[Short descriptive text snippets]
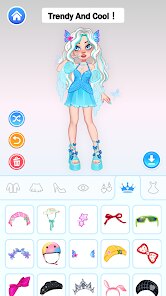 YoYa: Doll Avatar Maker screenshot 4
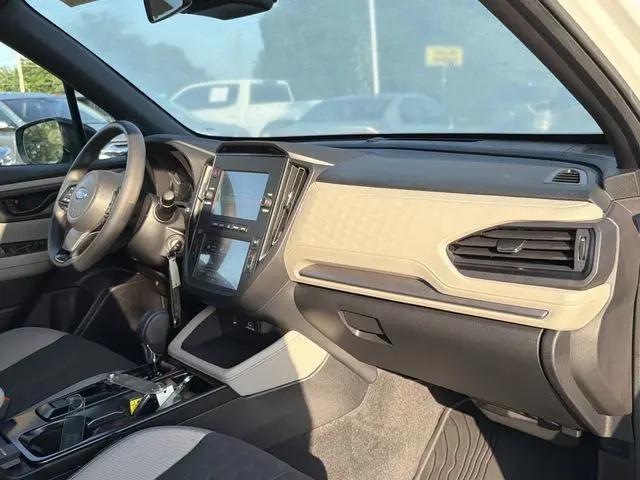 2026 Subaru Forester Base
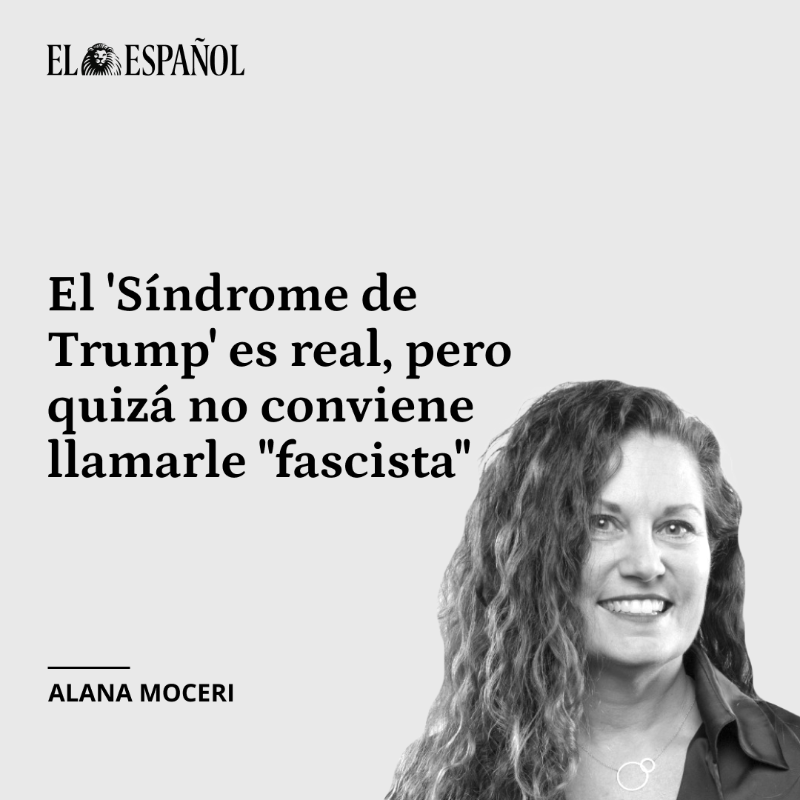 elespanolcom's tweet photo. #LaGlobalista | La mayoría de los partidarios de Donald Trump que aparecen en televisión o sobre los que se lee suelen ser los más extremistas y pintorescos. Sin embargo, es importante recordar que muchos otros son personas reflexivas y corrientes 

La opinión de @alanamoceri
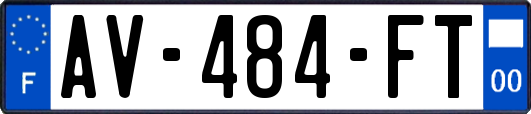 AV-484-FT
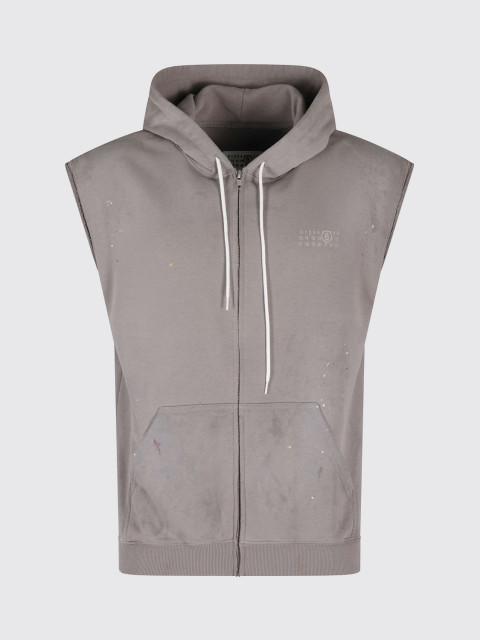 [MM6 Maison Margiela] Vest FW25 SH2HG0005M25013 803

Problem details >> In the records above, transcribe exactly the lines from the one containing "La opinión de @alanamoceri" through the last line, both included, and skip the pictures.

Answer section >>
La opinión de @alanamoceri
 AV-484-FT
 [MM6 Maison Margiela] Vest FW25 SH2HG0005M25013 803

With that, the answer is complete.